TO DO: Below are records with pictures; copy word for word only the lines between the line with "Bromance ( 18 Bu Xian ) chapter 95 - page 8" and the line with "2019 Mazda Demio 1,5L 2019 Cyprus", inclusive, and drop the pictures.

THE RECORDS:
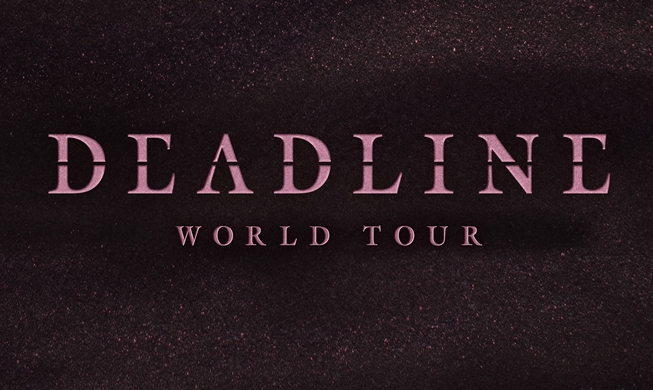 BLACKPINK lanza adelanto de su próxima gira mundial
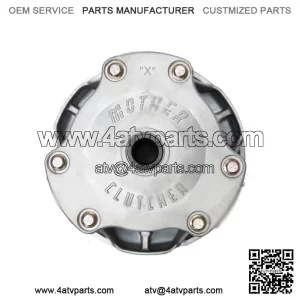 Sportsman 700 & X2 (2002-2005) Primary Clutch OE style Ribbed EBS Bearing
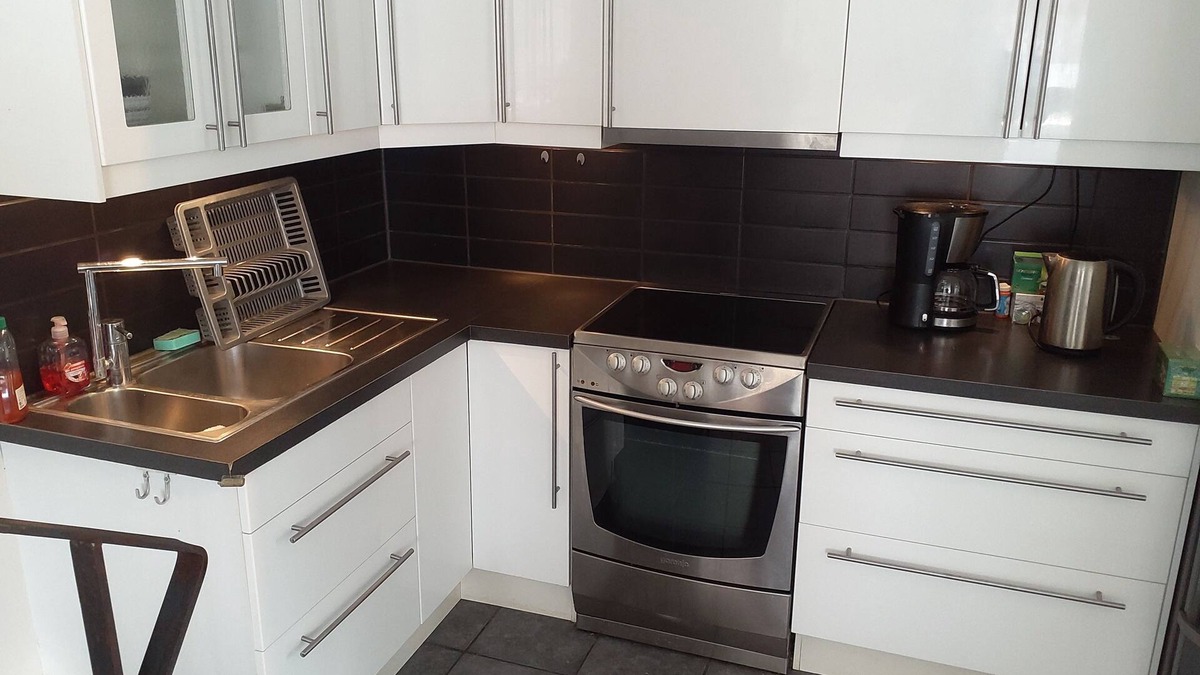 Veberod Apartment | Apartment not far from Lund, Malmo and close to nature!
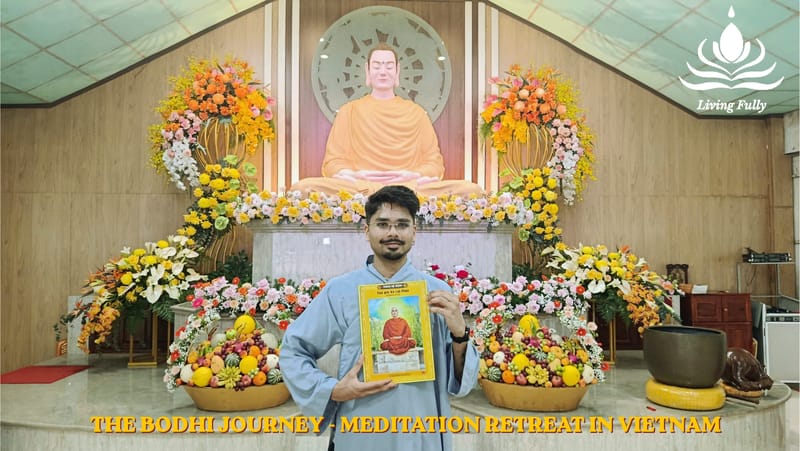 4-Day Transformative Spiritual Journey in Vung Tau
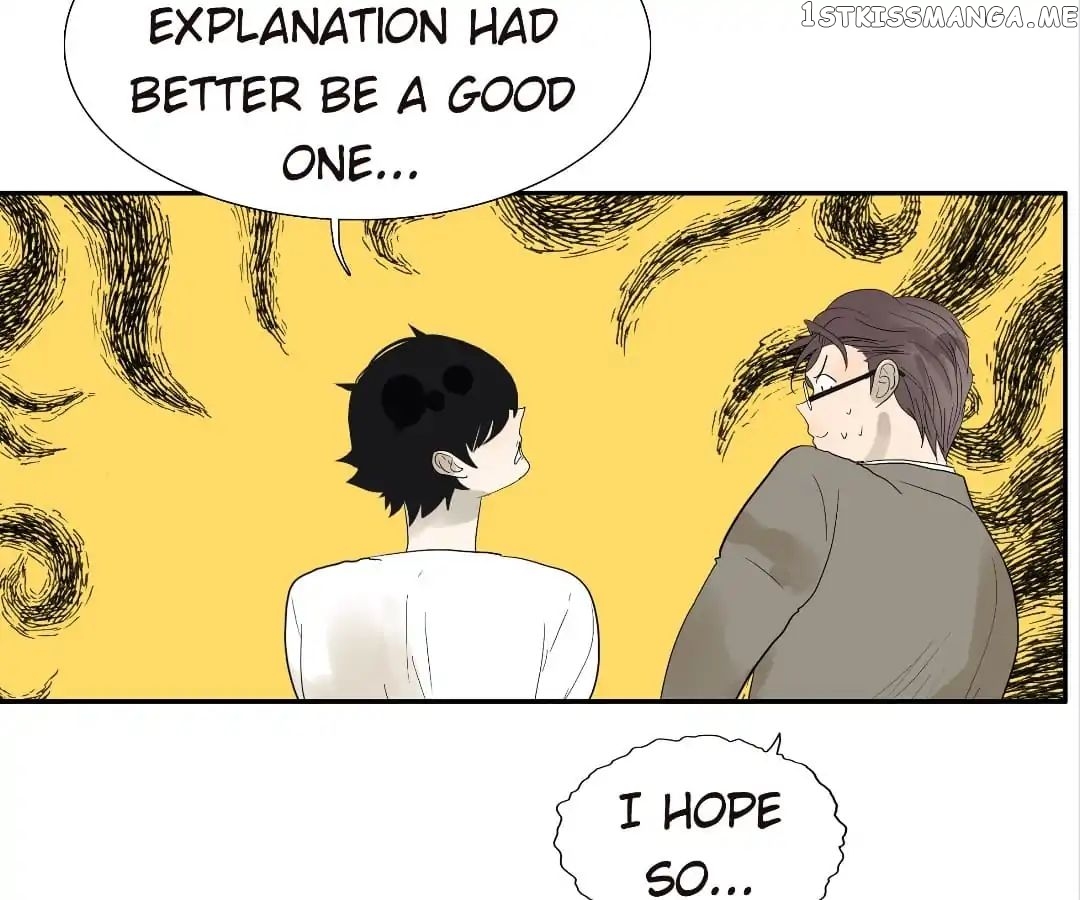 Bromance ( 18 Bu Xian ) chapter 95 - page 8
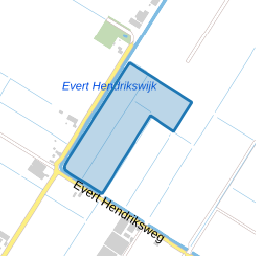 Perceel SDE01-H-2183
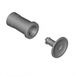 Shimano RD-M9250 plaatas+afdekking, zwart, één maat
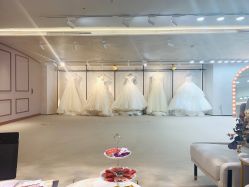 点击看大图 -B.Bridge Couture婚纱礼服(福田店)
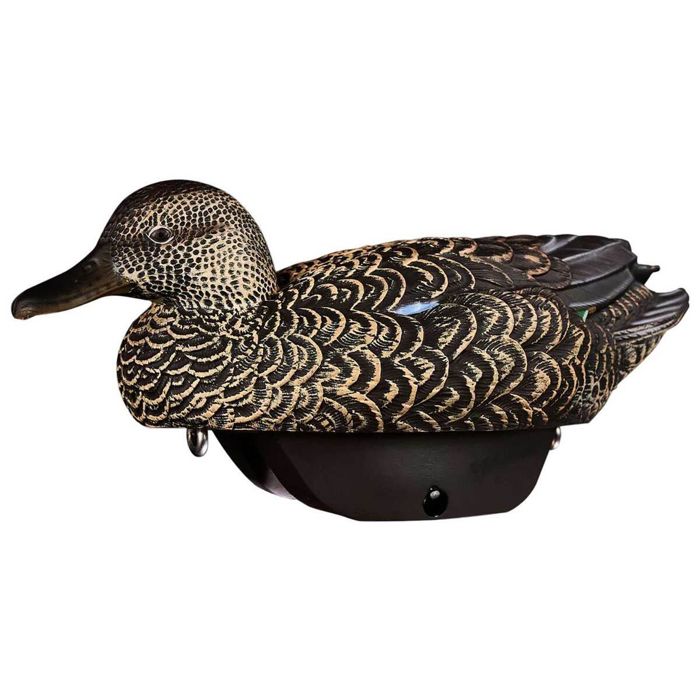 Чучело Heyday HydroFoam Teal Decoys - 6 Pack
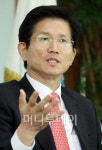 김문수 경기도지사, 포항시민교양 강좌 참석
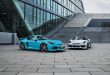 Volles Programm in Genf &#8211; 6 Porsche Fahrzeuge von Techart
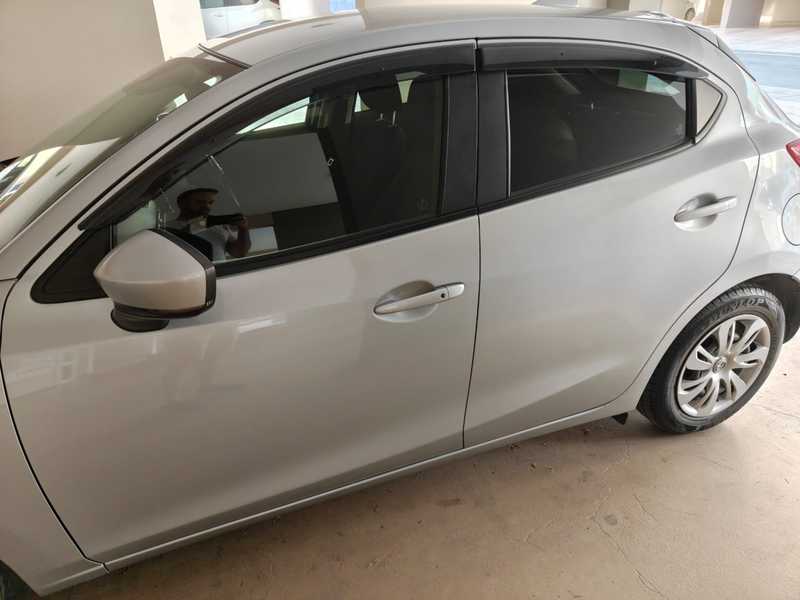 2019 Mazda Demio 1,5L 2019 Cyprus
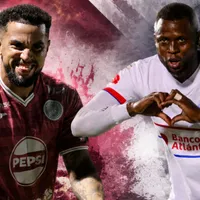 Así quedó la tabla de posiciones de los grupos A y B de las Triangulares del Clausura 2026: Olimpia y Motagua ponen orden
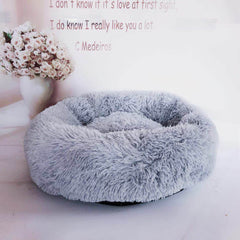 Plush pet nest - ProTrendyz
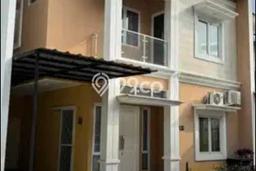 Rumah Modern 4 KT LT 108m2 di Pondok Kelapa Rumah Modern 4 KT LT 108m2 di Pondok Kelapa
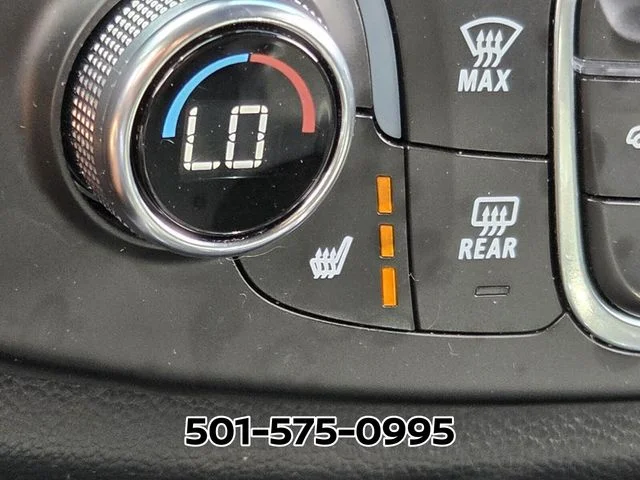 Used 2023 Gray Chevrolet LT image 25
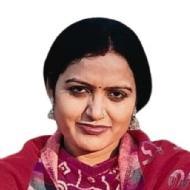 Meena R. Class 12 Tuition trainer in Patiala
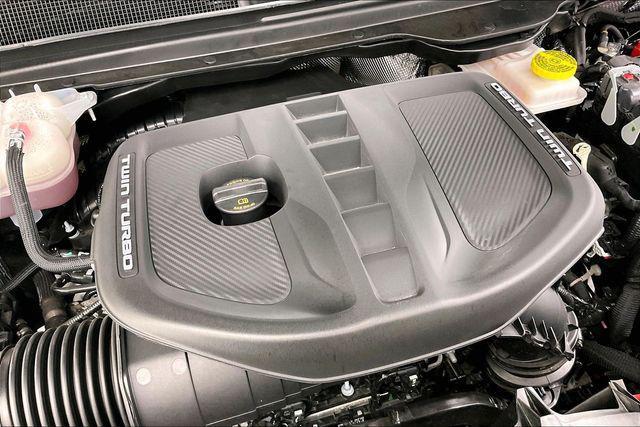 2026 Ram 1500 - $72,290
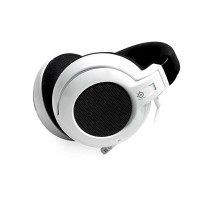 赛睿西伯利亚后挂式耳机(白色)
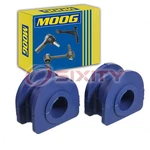 Moog Front To Frame Stabilizer Bar Bushing Kit For 1968-1974 Gmc P2500 Ht. Fixed Price $19.98.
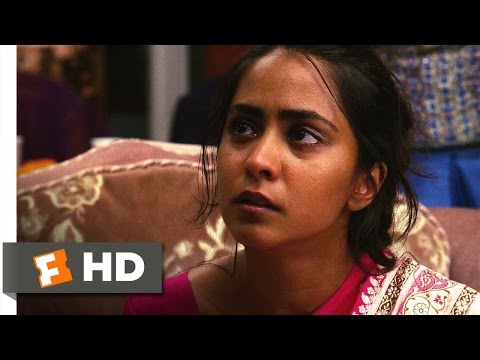 Bend It Like Beckham (4/5) Movie CLIP - I Want Her to Win (2002) HD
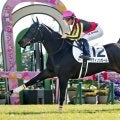 【京都５Ｒ・２歳新馬】３冠牝馬リバティアイランド半妹が鮮烈デビューＶ 上がり３ハロン３３秒０の非凡な切れ味を披露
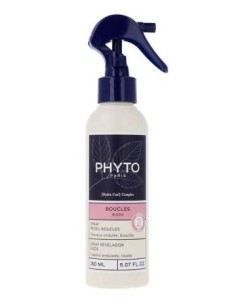 PHYTO BOUCLES SPRAY REVELADOR 150ML Inicio y  - 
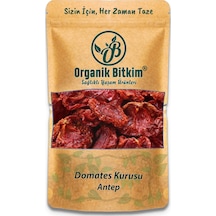 Organik Bitkim Domates Kurusu 500 G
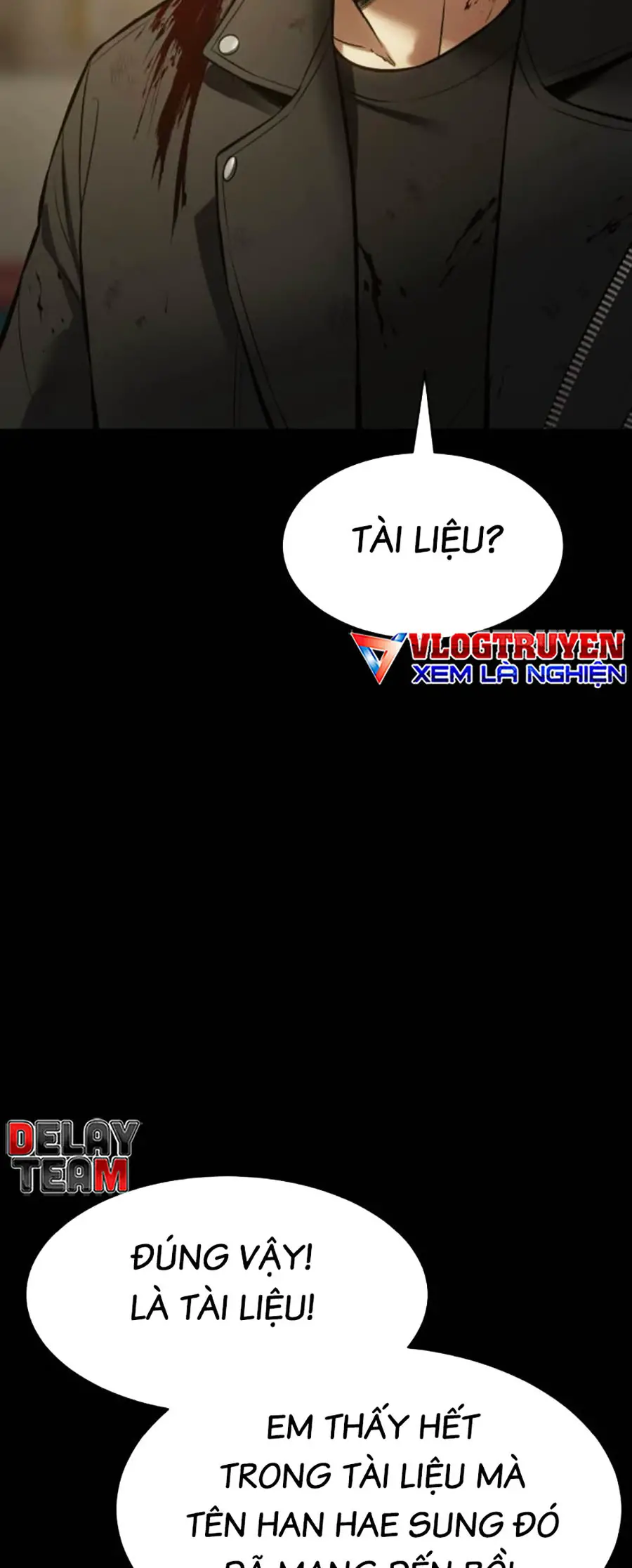 Đặc Vụ Thế Thân Nettruyen ZZZ Chương 73 Page 216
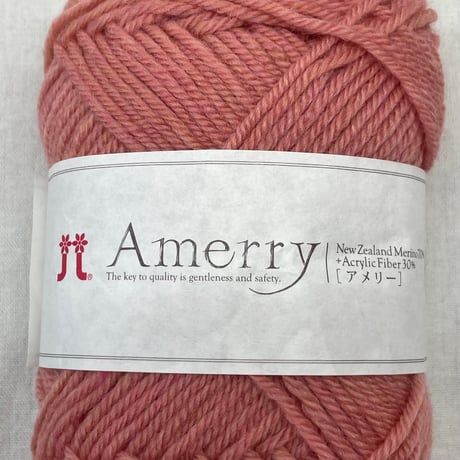264　〈B〉Amerry　COL:27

RESULT FOR THIS EXERCISE:
 Bromance ( 18 Bu Xian ) chapter 95 - page 8
 Perceel SDE01-H-2183
 Shimano RD-M9250 plaatas+afdekking, zwart, één maat
 点击看大图 -B.Bridge Couture婚纱礼服(福田店)
 Чучело Heyday HydroFoam Teal Decoys - 6 Pack
 김문수 경기도지사, 포항시민교양 강좌 참석
 Volles Programm in Genf &#8211; 6 Porsche Fahrzeuge von Techart
 2019 Mazda Demio 1,5L 2019 Cyprus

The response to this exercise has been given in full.